▶ **Description of the task**:
Copy the listing below exactly, but skip the pictures.

▶ **Data provided**:

========

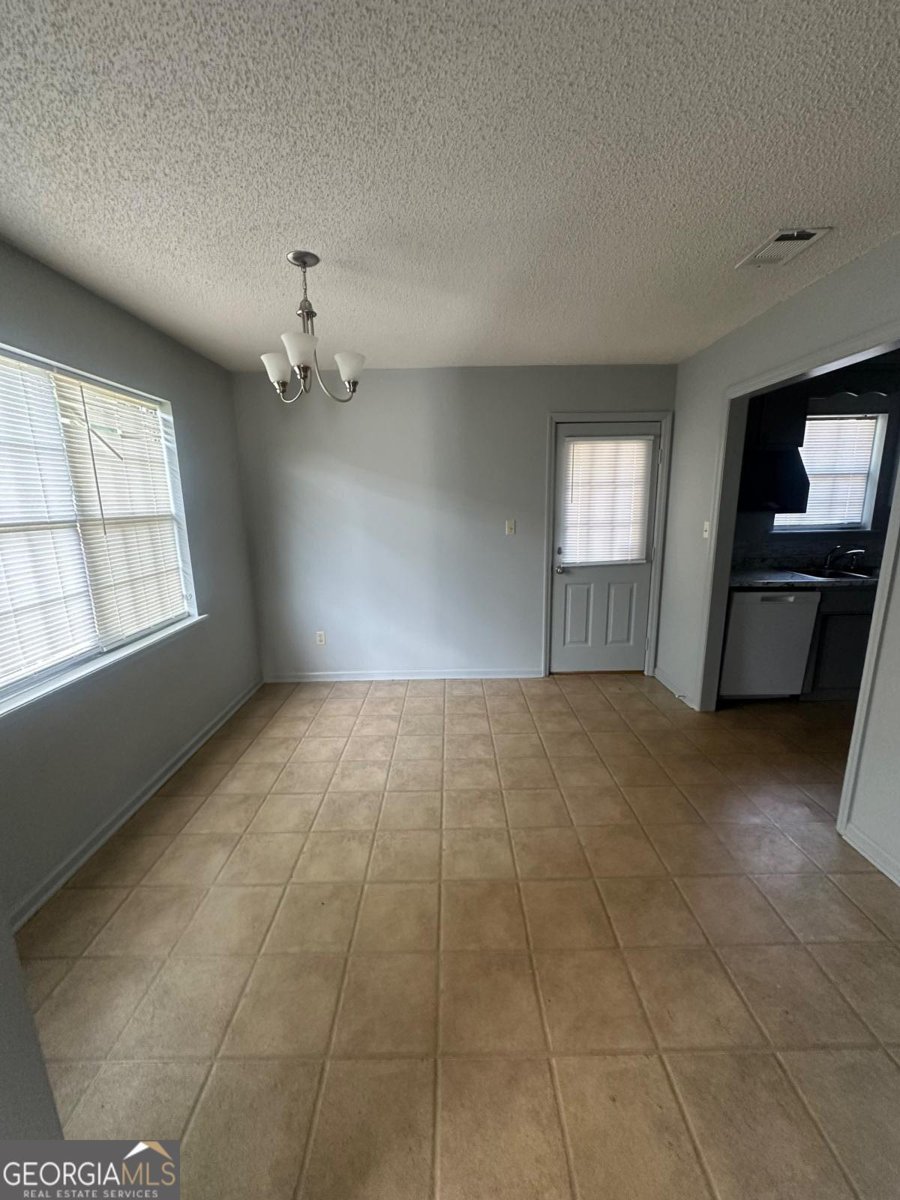 4193 Hamilton Valdosta - 2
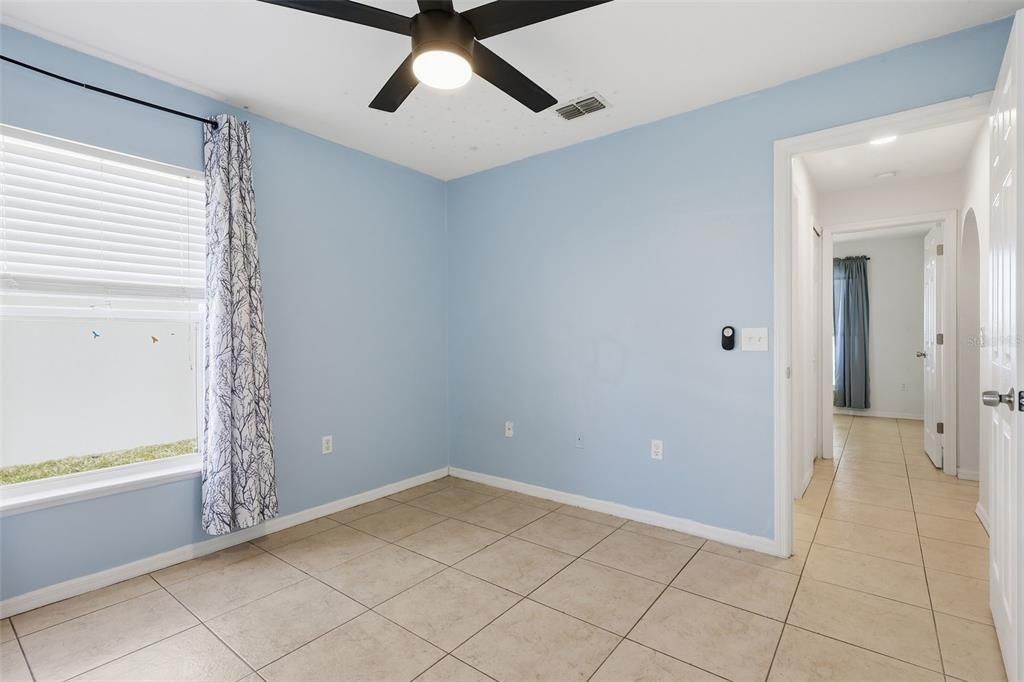 For Sale: $380,000 (3 beds, 2 baths, 1499 Square Feet)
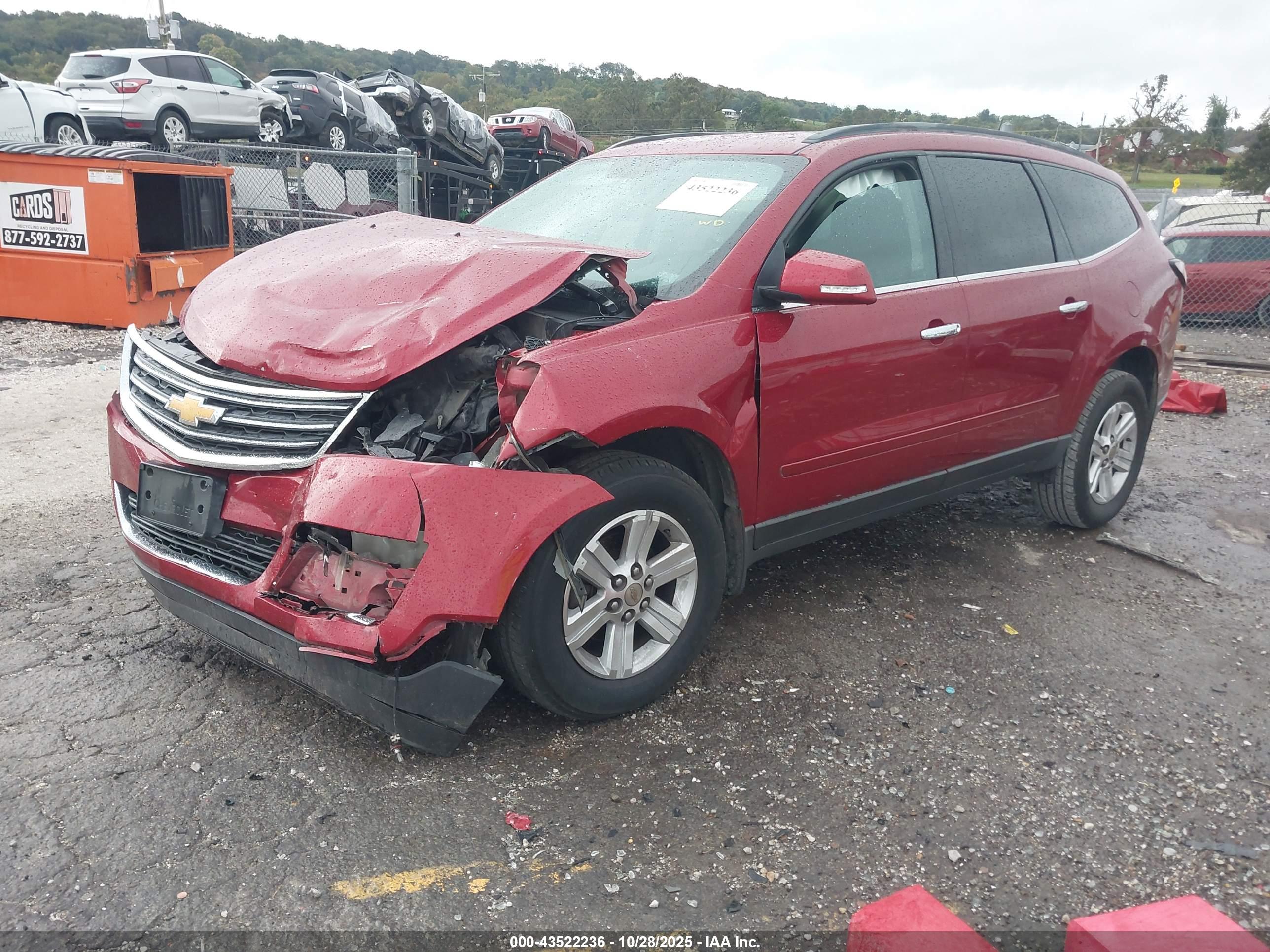 CHEVROLET TRAVERSE image 2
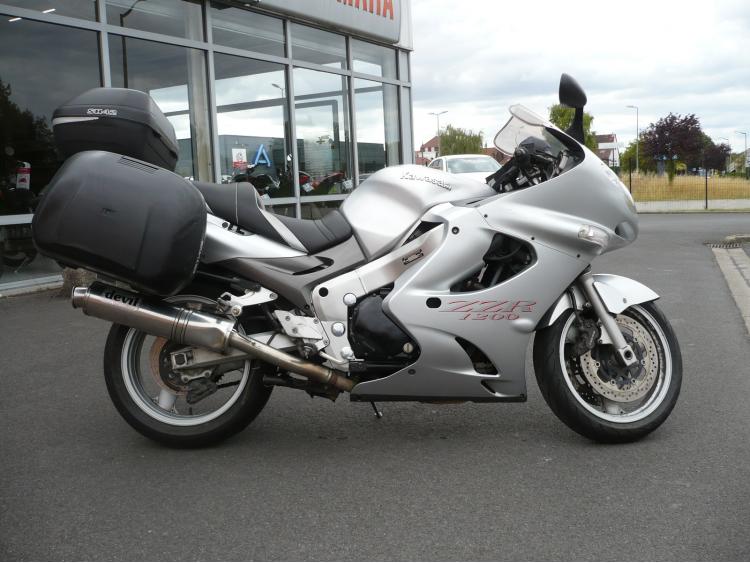 KAWASAKI ZZR 1200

========

▶ **Expected answer**:
 4193 Hamilton Valdosta - 2
 For Sale: $380,000 (3 beds, 2 baths, 1499 Square Feet)
 CHEVROLET TRAVERSE image 2
 KAWASAKI ZZR 1200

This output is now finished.